Data dari Polri mencatat, sebanyak 89 laporan polisi terkait karhutla telah ditangani oleh sembilan Polda di wilayah terdampak. Penanganan dilakukan secara intensif mulai dari penyelidikan, penyidikan, hingga penindakan hukum terhadap para pelaku.
Dari hasil penyelidikan, ditemukan dugaan kuat bahwa kebakaran dilakukan secara sengaja untuk membuka lahan. Sejumlah barang bukti telah diamankan penyidik sebagai bagian dari proses hukum yang tengah berjalan.
Polri menegaskan akan terus melakukan penegakan hukum terhadap pihak-pihak yang terlibat dalam pembakaran hutan dan lahan. Langkah ini dilakukan untuk menjaga kelestarian lingkungan serta memberikan kepastian hukum kepada masyarakat.

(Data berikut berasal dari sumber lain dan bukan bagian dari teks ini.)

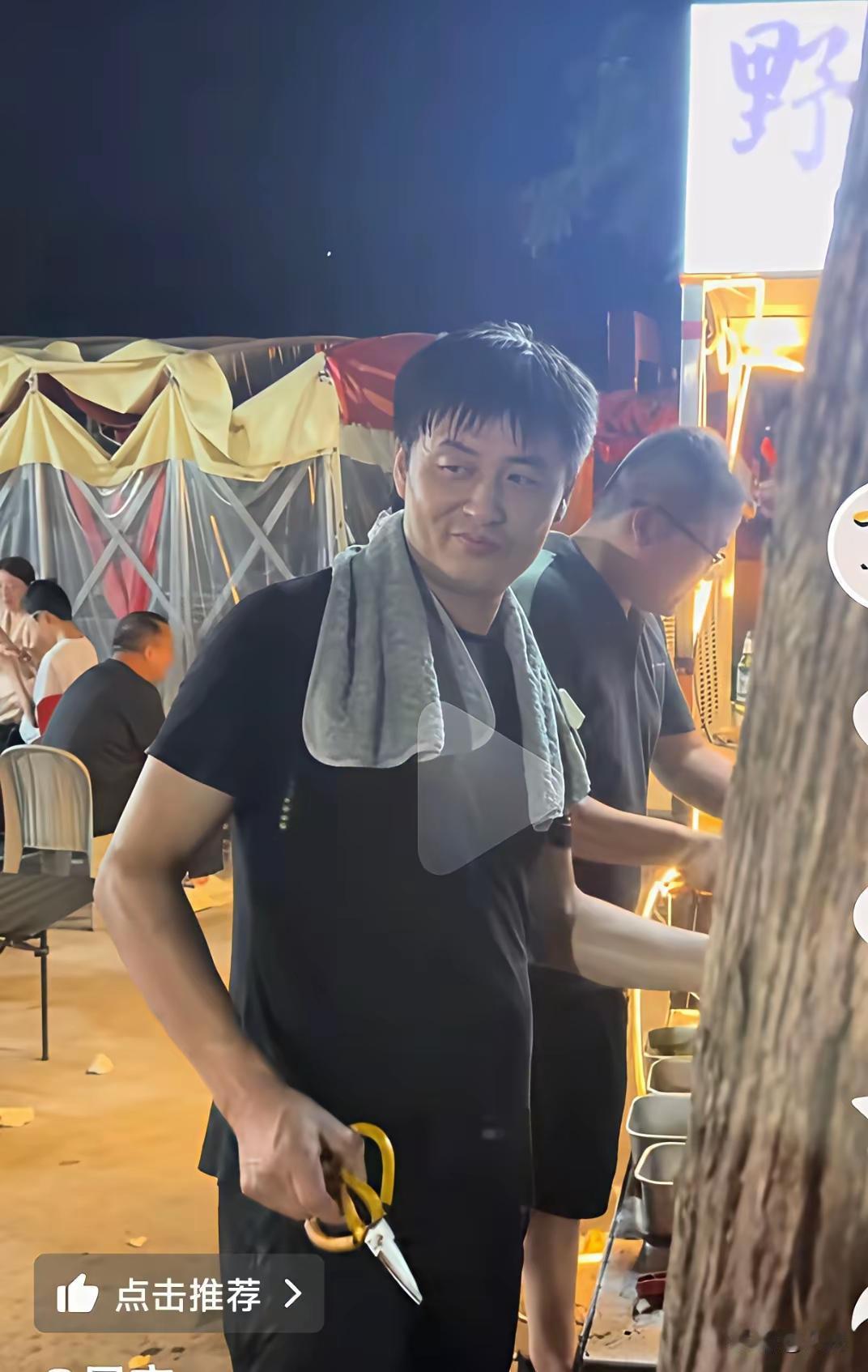 抖音里无意中刷到的
那个擦汗的动作瞬间让我泪目
看的我心头一紧
疑是故人归[泣不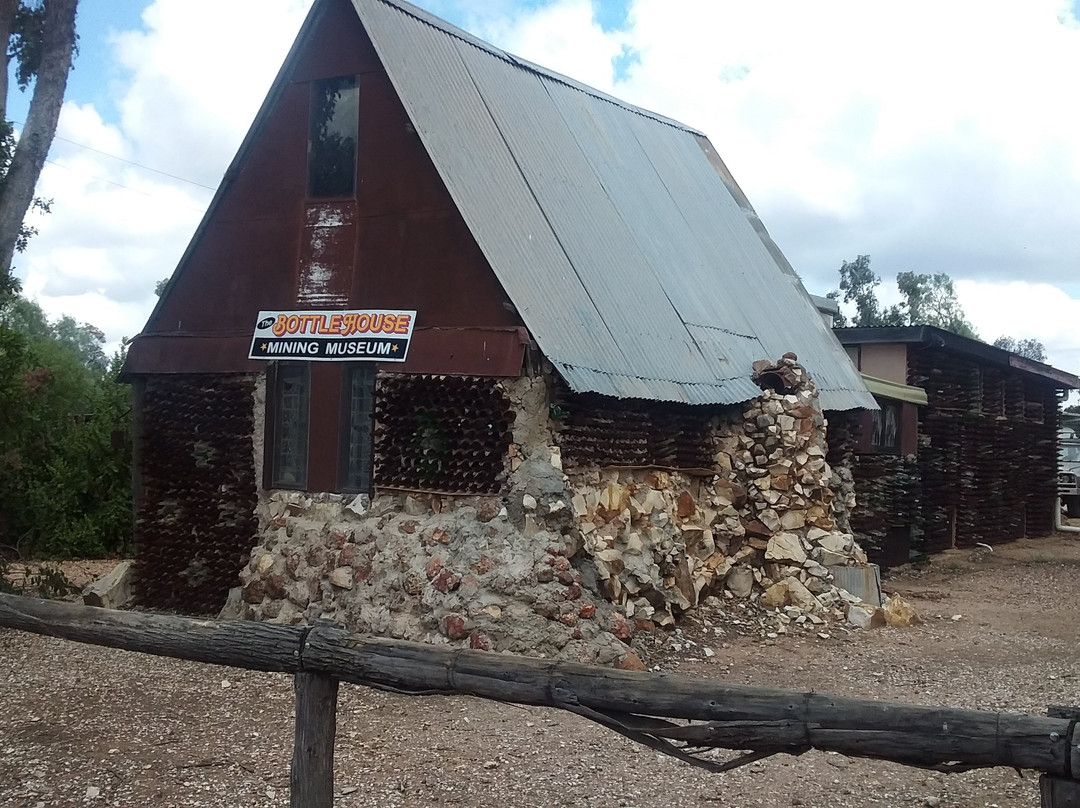 The Bottle House Mining Museum-Lightning Ridge必去景点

Karhutla tidak hanya berdampak pada kerusakan ekosistem, tetapi juga menimbulkan kabut asap yang mengganggu kesehatan dan aktivitas masyarakat. Karena itu, Polri bersama instansi terkait berkomitmen menindak tegas pelaku pembakaran hutan tanpa pandang bulu.
Masyarakat diimbau untuk tidak membuka lahan dengan cara membakar dan segera melapor ke pihak berwenang apabila menemukan titik api atau aktivitas mencurigakan di sekitar hutan dan lahan.